Aussi lorsque le courrier de France était annoncé, une certaine effervescence se manifestait dans les milieux pénitentiaires. Et le condamné lui-même, en entendant le mugissement de la sirène, se trouvait comme sur des charbons ardents.

Le dernier jour du condamné arrivait.

Les autorités avaient été avisées par le Commissaire du gouvernement, remplissant les fonctions du Ministère Public auprès du Tribunal spécial.

Un prêtre se disposait à remplir sa mission consolatrice.

Un sac de sciure de bois avait été préparé.

Dans la nuit noire, le bourreau et ses aides s’affairaient pour l’œuvre de mort. A petits coups de maillet en bois, ils assujettissaient les différentes pièces de la guillotine – dûment numérotées.

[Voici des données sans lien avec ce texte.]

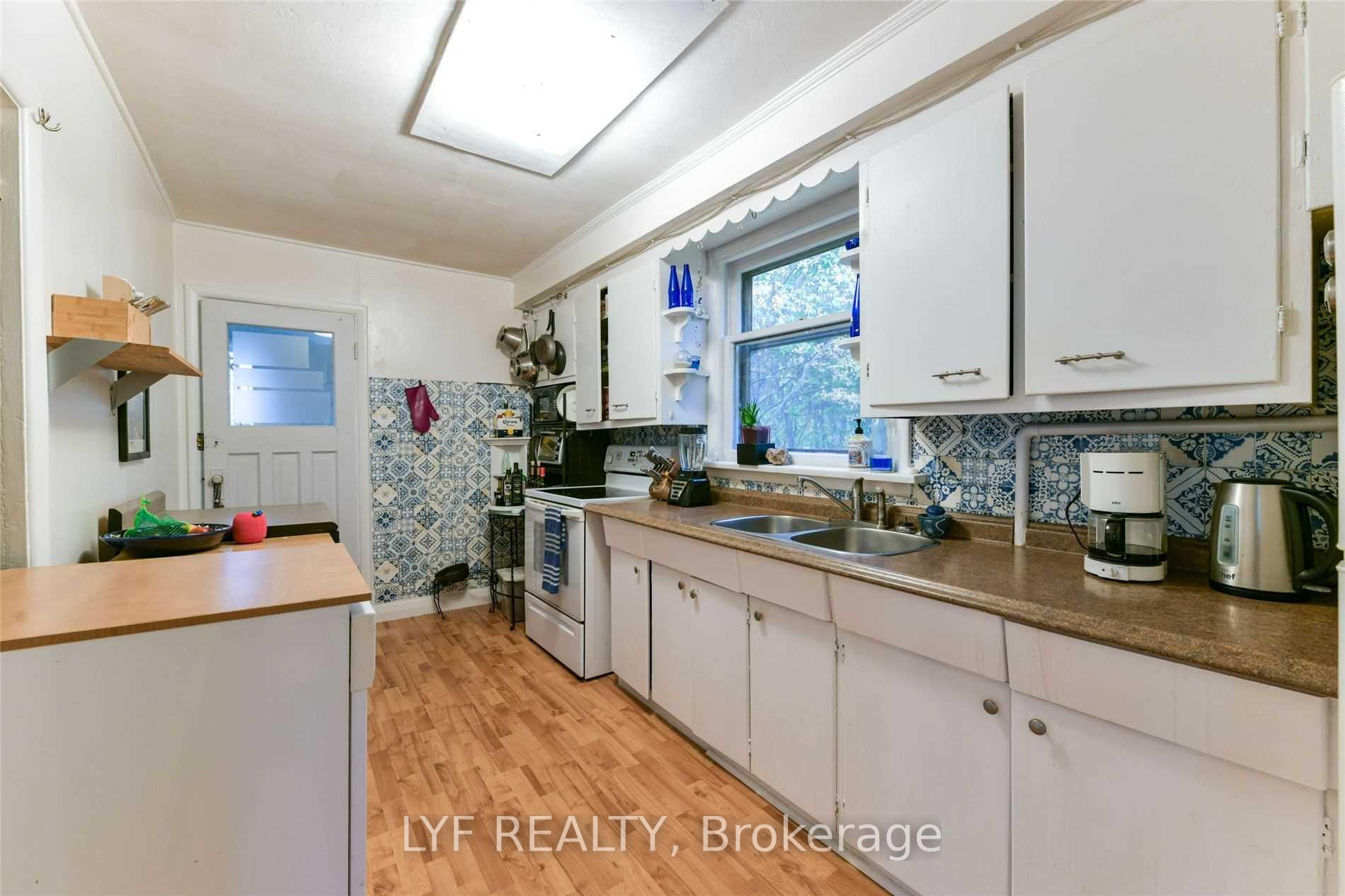 Photo 15 of Unit RM 1, 173 Maple Avenue, Richmond Hill, Harding — HOMEH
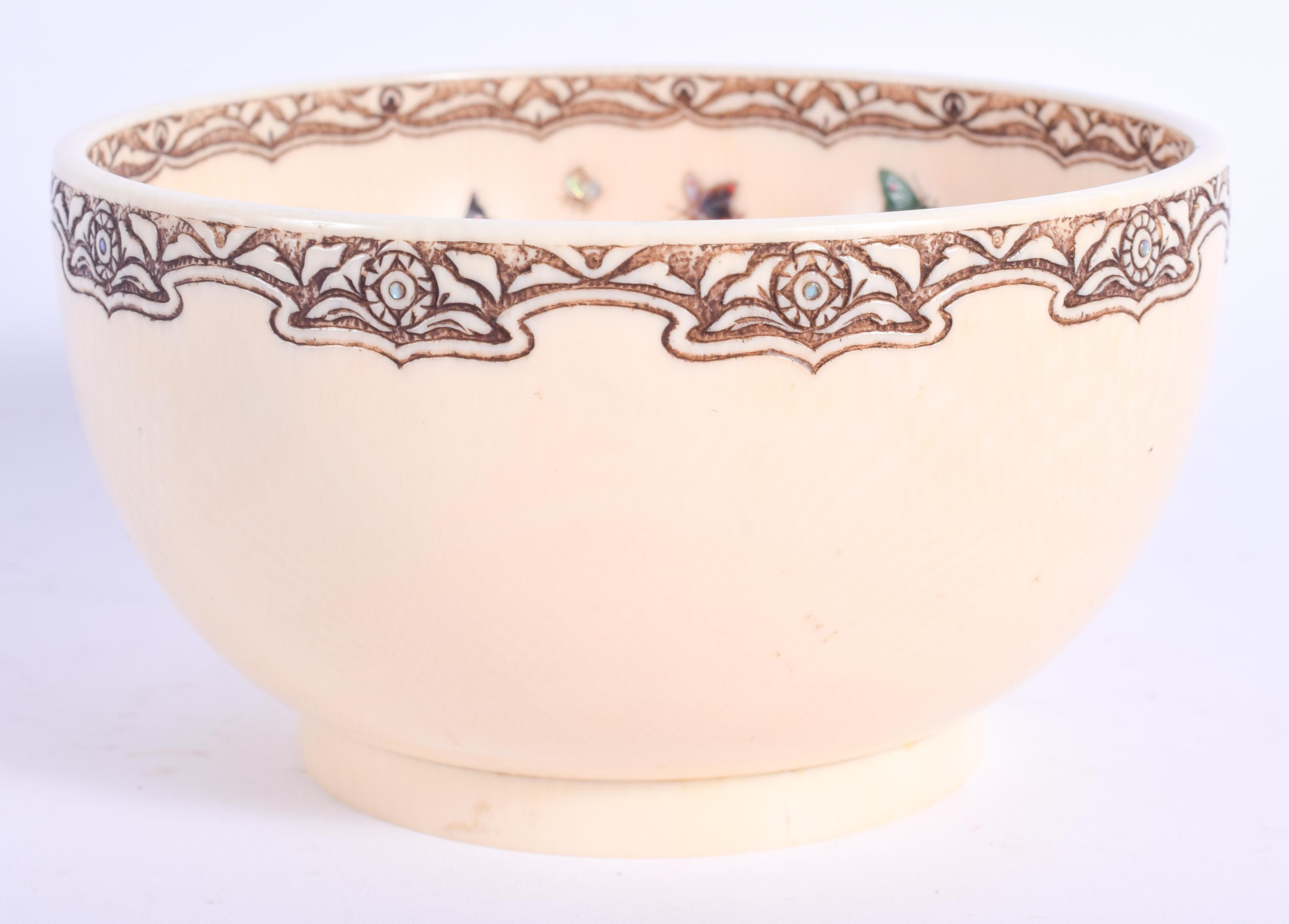 A FINE 19TH CENTURY JAPANESE MEIJI PERIOD CARVED SHIBAYAMA IVORY BOWL wonderfully decorated with but - Image 4 of 11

Le condamné savait à quoi s’en tenir. Quand on lui annoncerait à l’aube naissante, que son pourvoi était rejeté, on ne lui apprendrait rien de nouveau !… Depuis minuit, en effet, il avait perçu le déroulement des sinistres préparatifs : l’ouverture de la cellule voisine, le transport des pièces, les coups de maillet. Enfin, on ouvre sa porte. On lui relit la sentence, on lui signifie le rejet du recours en grâce. Quelques mots d’encouragement : ce n’est qu’un mauvais moment à passer… Mais ce moment dure depuis si longtemps.

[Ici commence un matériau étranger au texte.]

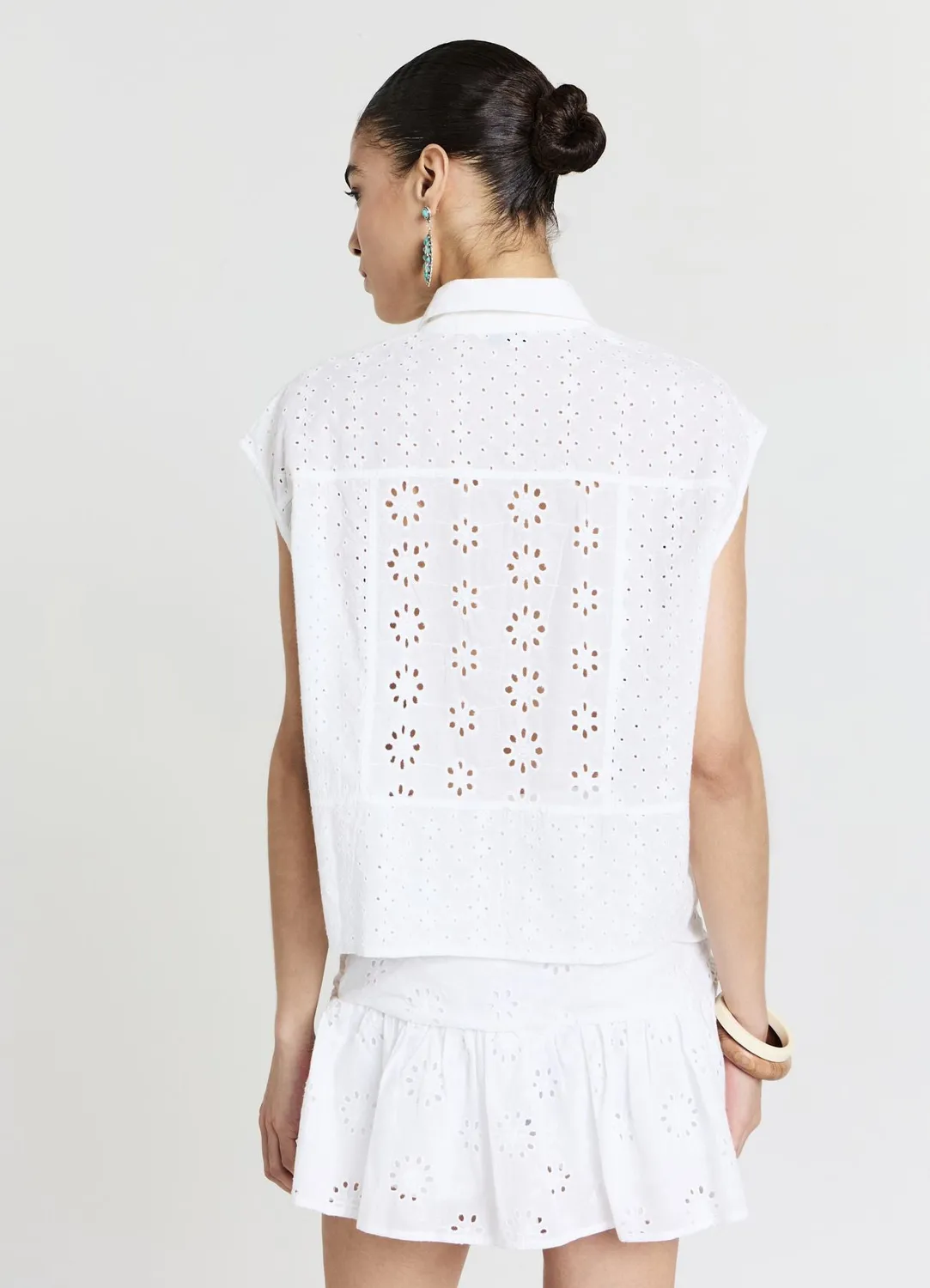 Calliope blouse sans manches broderie femme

Le prêtre s’avance. Il en a l’habitude.

Il sait que le condamné ne le considérera que comme un homme venu pour lui serrer la main avant de mourir.

Ensuite, l’agonisant (car c’en est un) trace quelques lignes pour sa vieille mère, puis le bourreau lui fait sa dernière toilette. Veut-il une cigarette, un verre d’alcool ? Il accepte Veut-il manger ? Non, il n’en a pas le cœur… Tout est prêt. On n’attend plus que lui. A quelques pas, l’échafaud est dressé. Les autorités ont pris place à proximité ; des soldats en armes montent la faction, l’arme au pied.

Pas de condamnés, mais ces derniers, grimpés sur les fenêtres, ne perdent rien de la scène sanglante.

Le bourreau est à son poste, debout sur la machine de mort. Entre les deux aides, le condamné s’avance lentement, les jambes entravées et les mains liées. Un double commandement retentit : « Portez, armes ! Présentez, armes ! ».

Tout le monde se découvre : hommage émouvant adressé à celui qui va payer sa dette de la vie.

Maintenant, tout se précipite.

Les aides ont poussé le corps sur la bascule ; la demi-lune supérieure, à rainure, de la lunette se referme. Le bourreau appuie sur le déclic.

On entend le bruit sourd du couperet qui s’abat.

La tête tombe, le sang gicle tout alentour.

C’est fini. Un meurtre légal vient d’être consommé.